Though the government has gone to great lengths to loot the pockets of the employee at issue, a woman named Shawn Hughes, Brown noted that "there is no evidence the government ever sought to criminally prosecute Blackhawk - the most culpable party - a corporation that, so far as this record shows, has yet to pay a cent."

"The fact that the government cannot is deeply disturbing," Brown added.

Greg Smith, an attorney for Hughes, said in an interview his client's "greatest sin" was doing as her "corrupt employer" told her to do.

That lost Hughes "her job, her livelihood, and her liberty," Smith wrote. "And then the government came after her again."

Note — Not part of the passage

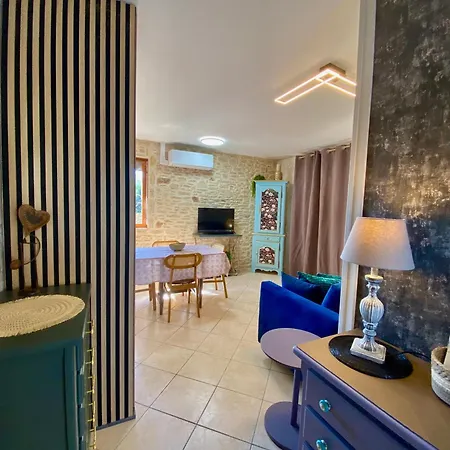 Domaine ô Clair De Lune - D'hôtes Et à - Accès Cité Médiévale 5 Minutes à Pied - Parking - Spa&massages En Option - Piscine De Saison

The dispute stems from the Treasury Department's seizure of a $10,000 tax refund Hughes had been expecting in 2013.

Hughes needed the money: her home was on the verge of foreclosure, and her future earnings were in jeopardy after working for Blackhawk put her behind bars.

Four years earlier, Hughes had pleaded guilty in Washington to making false statements to government authorities, based on her work at Blackhawk.

Following the directions of her supervisors, Hughes had certified that Blackhawk guards received training that they had not in fact possess, enabling Blackhawk to charge the government more for their services.

Hughes was not alone in taking the rap for the fraud. Douglas Brown, the owner of DB Training Services, pleaded guilty as well, and a federal judge entered a $1 million judgment against Blackhawk.

Though the court held Hughes and Brown jointly liable for $443,330 in restitution, it noted that their actual responsibility for that amount could be negligible, assuming Blackhawk paid its fine.

Hughes fought to have her tax refund returned, but the Treasury Department told the court that Blackhawk had not contributed a single cent in restitution, and that the government's default judgment against the company was exempt from bankruptcy discharge.

Though the trial court found the penalty seemed unduly harsh to Hughes, it said it lacked the power to modify the sentence, which already sent Hughes to prison for a month.

Reversing that finding Tuesday, the D.C. Circuit said Hughes' sentence manifested a clerical error that the lower court should have corrected.

Ordering that Hughes win the return of her tax refund on remand, the three-judge panel noted that government officials should have told the court about "the assets in the Blackhawk bankruptcy estate, the status of the government's claims to those assets, government proceedings if any against principals or shareholders of Blackhawk, or any pursuit of Brown, DB Training or their assets."

The error in the sentencing order involved the note by the trial court that Hughes would have to pay "at a rate of not less than $50 each month," if Blackhawk failed to pony up its fine.

Such language "must mean that a rate of not less or more than $50 each month was required," according to the lead opinion by Senior Judge Stephen Williams (emphasis in original).

The judgment would otherwise be "virtually meaningless," the ruling states.

The rate is "especially clear in light of the court's plain expression of intent that the Blackhawk fine could offset the entirety of Hughes' restitution," Williams wrote.

While the lower court said that "the 'restitution [is] immediately payable,' this boilerplate language is controlled by the specific and repeated references to payments beginning only after the Blackhawk payment has been subtracted," the panel ruled (brackets in original).

Though the decision was unanimous, Judge Brown questioned why the government "wasted no time" to go after Hughes' supposed debt through the Treasury Offset Program.

"Paying off this $442,000 debt at $50 per month would take nearly 740 years; seizure of her tax refund may have reduced the reckoning by about 20 years," Hughes wrote.

Such liability would let the government seize Hughes' future tax refunds, and even her Social Security payments, the judge added.

"The point is, no matter how much suffering the government inflicts on Ms. Hughes, the [Justice] Department will never recover the full amount it is allegedly owed," Brown wrote.

Smith, the attorney whom the court appointed to represent Hughes, said the appellate victory "truly couldn't have happened to a nicer person."

Now that U.S. District Judge Rosemary Collyer can impose "the sentence she has said she intended all along," Hughes' "nightmare" is nearing an end, he added.

In lieu of comment on the ruling, Bill Miller, a spokesman for the U.S. Attorney's Office in Washington, sent along the government's court filings from 2011 and 2013.